Graphs are __redundant__ when data structure is _regular_ (pixes, words are regular).  
Most __usefull__ when data is _heterogeneously_ structured (i.e., when number of neighbours is different for various nodes)  

> Good examples of graphs:
- Moleculas (adjecency matrix while symmetric is not banded anymore)
- Social networks as graphs (adjecency matrix _is not_ identical)
- Citation networks as graphs (why cited whome) (directed graph)
- In CV taged objects in a scene may be used as nodes in a graph
- ML models, math equations... (see _dataflow graph_)

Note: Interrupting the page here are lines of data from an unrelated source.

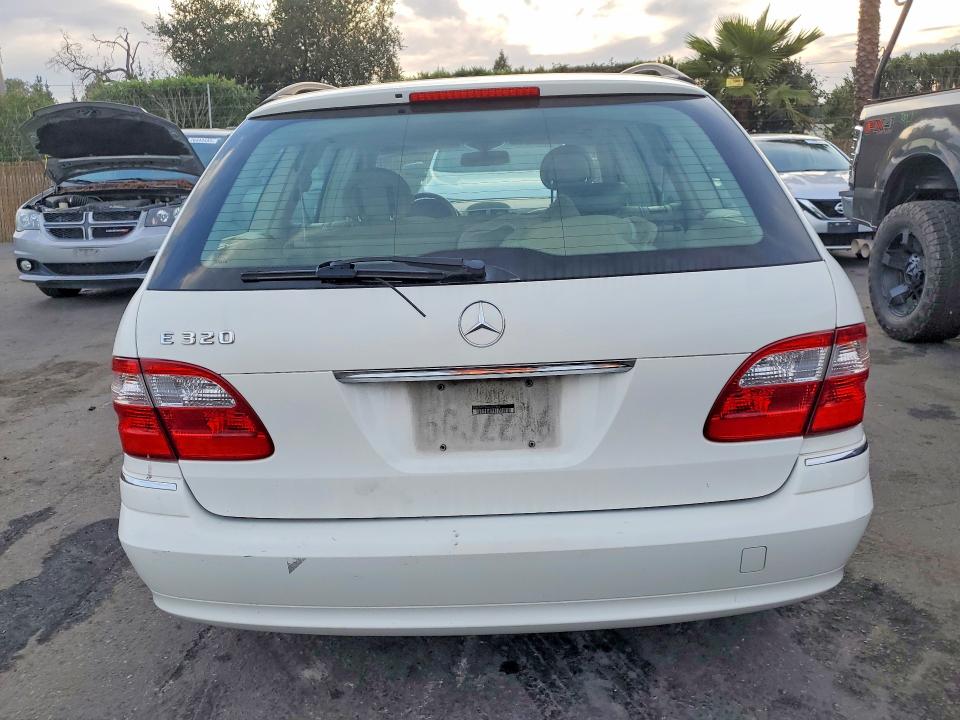 76170835 :رقم المزاد ، WDBUH65JX4A481968 vin ، 2004 Mercedes-benz E مزاد بيع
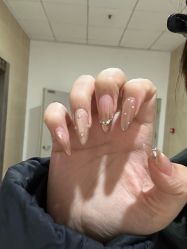 -瞧·享轻奢美甲美睫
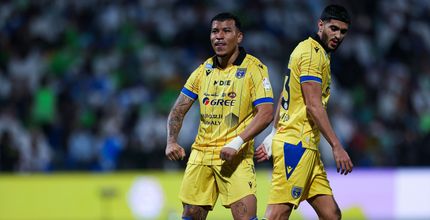 Al Taawoun's Roger Martinez scores at Al Fateh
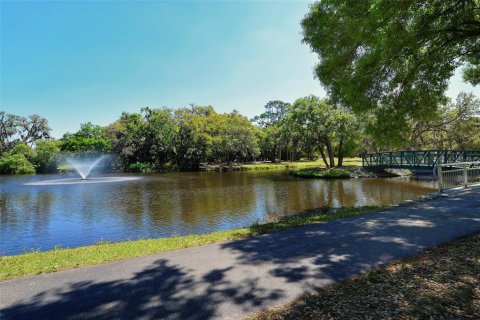 House in Sarasota, Florida 4 bedrooms, 133.59 sq.m. № 1516249 - photo 17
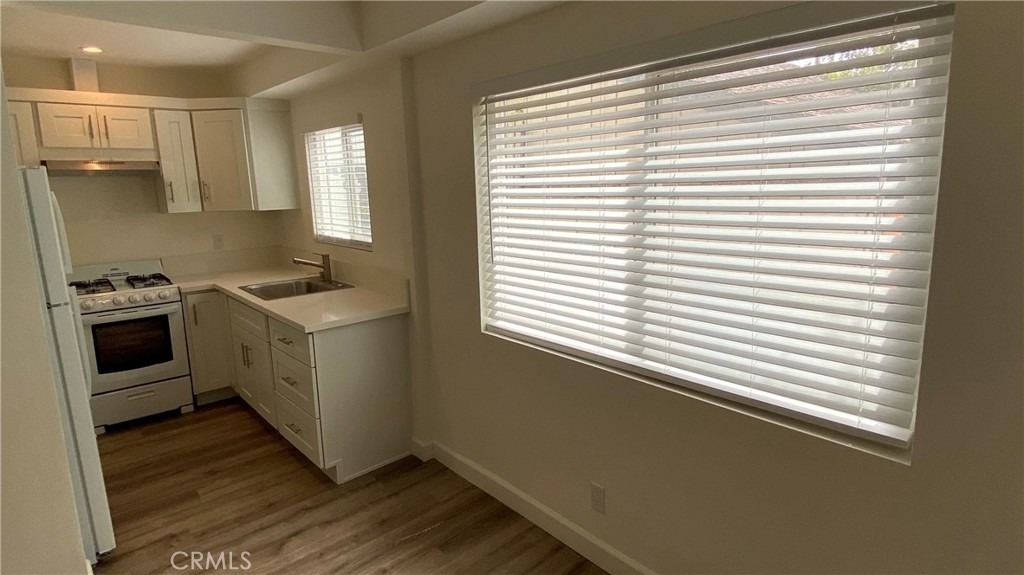 326 N Coast - Photo 5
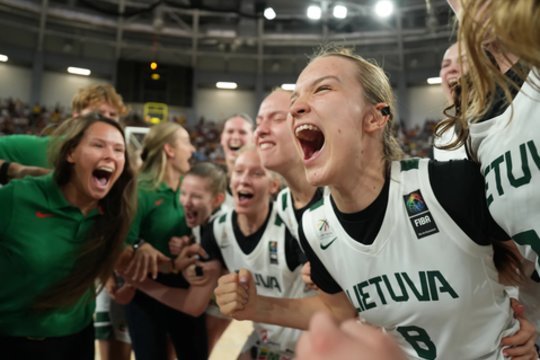 Dviguba pergalė: U18 Lietuvos merginų rinktinė iškovojo bronzą ir bilietą į A divizioną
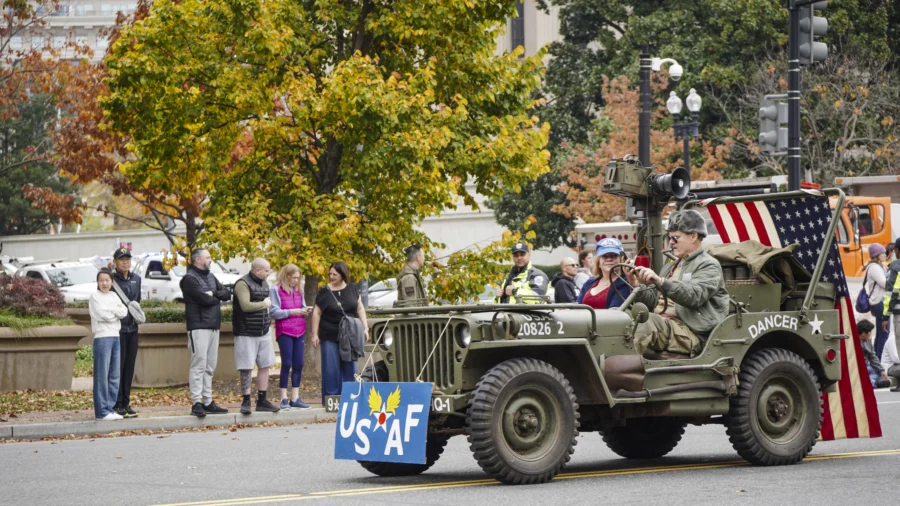 Parade Honors Veterans in Nation's Capital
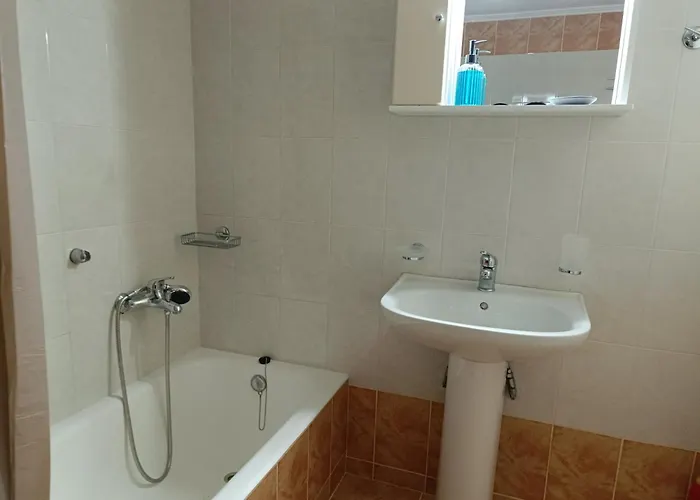 διατιθεται γκαρσονιέρα Διαμέρισμα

> Tasks on graphs (solved with GNNs)
- Graph-level (property of the _entire_ graph aka image classification or sentiment analysis)
- Node-level (property if a node aka image segmentation (a role of a pixel in the image) or word-level anlaysis of speach)
- Edge-level (what nodes share an edge, and what is the property of the edge, aka image scene understanding)

> Information on a Graph
- Nodes (e.g., with node feature matrix $N$ where each node has an index)
- Edges (non-trivial, varaible number, space-inefficient, non-unique).  
__Adjacency lists__ a possible solution. Each connectivity is desctibed with a _tuple_ (i,j). This represenation is _permutation invariant_.  
- Global-context
- Connectivity

! For each graph/edge/node there exists a vector to complete the tensor

> A GNN is an optimizable transformation on all attributes of the graph (nodes, edges, global-context) that preserves graph symmetries (permutation invariances). 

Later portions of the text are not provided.